Light in Darkness

Super Moon

We live by the light of the moon.

We drive in the morning while the sun is not yet up.

The lights on the inside of our car glow a beautiful purple.

We can change the color to green or yellow or blue or red, but we always bring it back to purple because purple is where the heart is. Soft purple light makes the music that is playing in the dark mean so much more.

We put wallpapers on our back-lit screen of night scenes as the sun rises and reflects off the buildings outside the windows of the downtown building that we work in. The windows are everywhere and we can’t escape the day that drives out the night. It gives us life and we know it and we are filled with gratitude for the sun and the work and the reflection.

But we like night scenes on our computers… or almost night, like sunset or sunrise. Or day that looks like night, like when a storm is coming, or like the view of a forest path where the trees are so thick that light can only get through in single lines of sparkling gold.

Or a solitary streetlight glowing softly on abandoned winter city streets.
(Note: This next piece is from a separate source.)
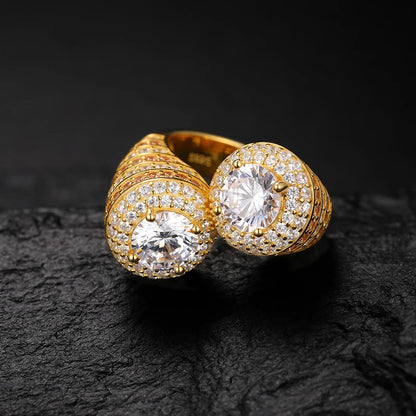 S925 Moissanite Double Halo Moissanite Bypass Ring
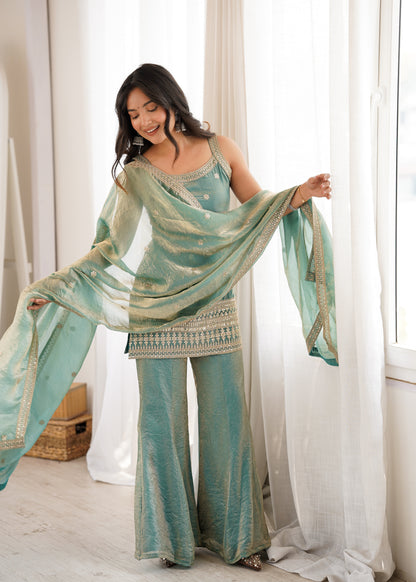 Frendy Silk Salwar Suit with Bell Bottom Pent & Embroidery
That’s where our heart is.

When we come home, as the light fades, you turn on twinkle lights on the back patio and you sit in the quiet and you read as the cool air fills your lungs and the glass is tipped which fills your heart with cheer.

You apologize for the smoke and you try to move upwind, but I don’t mind. I let it seep into my skin and it’s more than okay because the moon is out behind the clouds and I want it all. The smoke, the moon, the cool breeze, the clouds…

You.

We go in and the dinner dishes are everywhere. You tell her that if she plays piano, while you do the dishes, then you’ll do the dishes.

I go for a walk by the light of the moon, with ear buds in my ears, and breath in my mouth that illuminates the night. My feet strike the concrete, around and around the cul-de-sac. Under the streetlight, away from the streetlight, all is lit up with a velvety, pale whitishness and then all is a deep midnight blue again.

As I walk back up to the house, I see all the warm colors of home through the open screen door and through the sheer, colored curtains on the living room windows. I open the door to hear her playing music that tells us she doesn’t want to waste our time with music we don’t need. Why should she autograph a book that we won’t even read? She’s got a different scar for every song and blood left still to bleed.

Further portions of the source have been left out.